Using our fragment-based lead discovery platform [32,33], we screened 89 cocktails with 10 compounds each against the AF9 YEATS domain using NMR ligand-observed spectra, i.e., Saturation Transfer Difference (STD), WaterLOGSY, and Carr–Purcell–Meiboom–Gill (CPMG) [34,35,36] (Figure 1A). In principle, only compounds that bind will show signals in the STD spectrum. Accordingly, WaterLOGSY and CPMG spectra will show inverted or remarkably reduced intensity relative to that of the nonbinding compounds. This primary screening identified 28 cocktails with binding signatures. The cocktail was then deconvoluted through screening of feasible hits as a singleton.

Figure 1

Fragment-based screening against the AF9 YEATS domain. (A) NMR fragment-based screening spectra for a typical cocktail and the identified hits of AF9 YEATS in a phosphate buffer. The reference 1H spectrum was acquired in 50% H2O/50% D2O. (B) The chemical shift perturbations of the 15N-labeled AF9 YEATS induced by hit 2. The ligand/protein molar ratios are annotated. (C) The residue-by-residue chemical shift changes of the AF9 YEATS domain at a 4-fold excess of hit 2. The dashed line represents two standard deviations above the average of the chemical shift perturbations. (D) The binding topology of 2 mapped on the surface of AF9 YEATS (PDB code: 4TMP).
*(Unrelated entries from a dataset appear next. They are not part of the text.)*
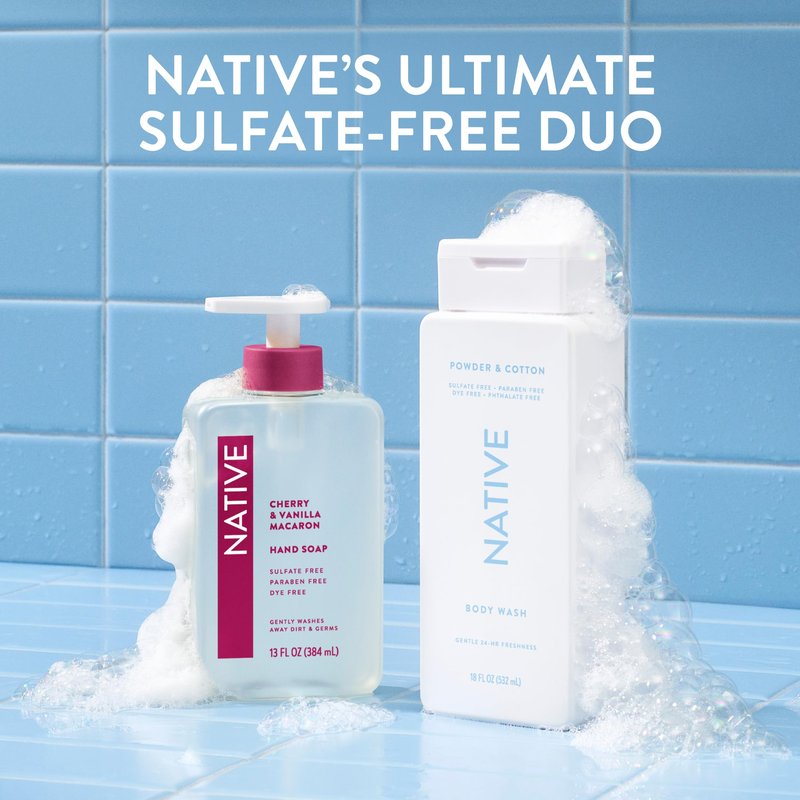 Native Body Wash Contains Naturally Derived Ingredients | For Women & Men, Sulfate, Paraben, & Dye Free Leaving Skin Soft and Hydrated |Powder & Cotton 18 oz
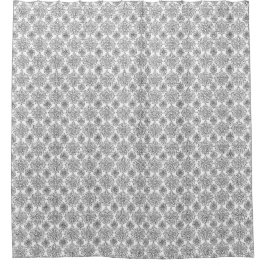 Cortina De Ducha Diseño floral blanco y negro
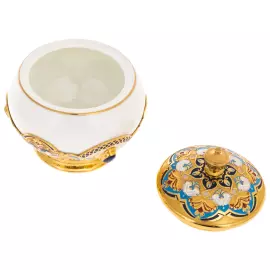 Кофейный набор "Рассвет" с лазуритом и эмалями, на 4 персоны, Златоуст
Residues of significant chemical shift changes are colored yellow. (E) The binding affinity of 2 derived from best fitting of the dose-dependent chemical shift changes of AF9 YEATS. The Kd value with a fitting error is annotated. (F) The binding enthalpy and affinity of AF9 YEATS and 2 determined by isothermal titration calorimetry, assuming a 1:1 binding mode.
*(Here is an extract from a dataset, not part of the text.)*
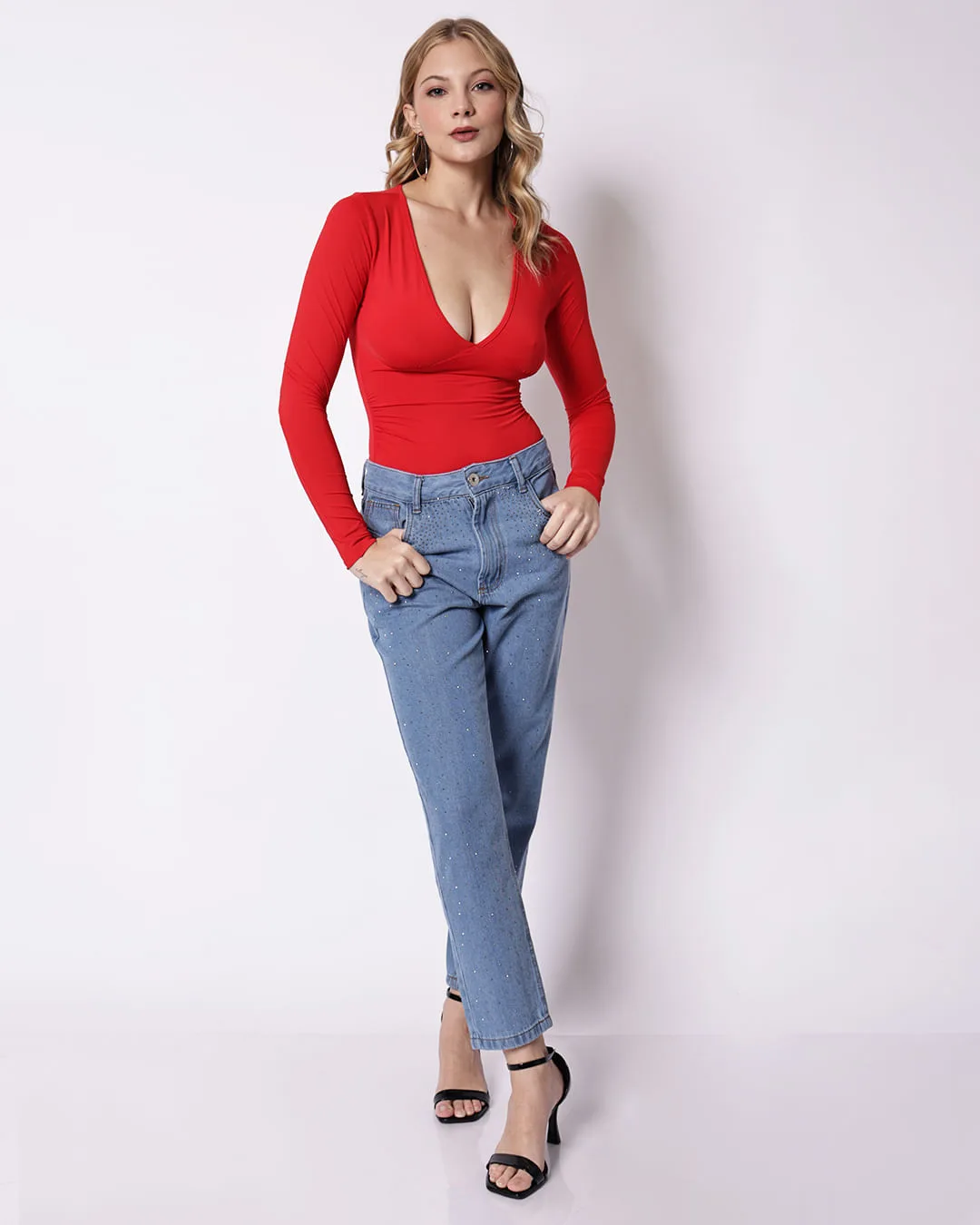 Body Feminino Suplex Manga Longa Vermelho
To further validate the results of ligand-observed fragment-based screening, we titrated these hits with the 15N-labeled AF9 YEATS domain (Figure 1B). The backbone chemical shift assignment was retrieved from the literature [7]. Four hits demonstrated significant chemical shift perturbations (CSPs) of at least two residues. The residue-by-residue CSPs suggested that hit 2 bound to a pocket proximal to residues E57, E75, Y78, and A79 (Figure 1C). These residues were then mapped to the surface of the crystal structure of the AF9 YEATS domain in complex with H3K9ac [10] (PDB code: 4TMP), which indicated the binding of these hits to the same pocket for acyl-lysine recognition (Figure 1D). The binding affinity of hit 2 was then determined by best fitting the dose-dependent CSPs of these residues (Figure 1E) at 0.07 ± 0.01 mM (fitting error was used henceforth unless specifically annotated). The affinity of hit 2 was further validated using isothermal titration calorimetry [37] (ITC) (Figure 1F). The binding affinity of the other hits was determined using the same approach (Table 1). These four hits probably bound to the same pocket since they shared the same pharmacophore.

Table 1

Structure and affinities of fragment-derived inhibitors of the AF9 YEATS domain.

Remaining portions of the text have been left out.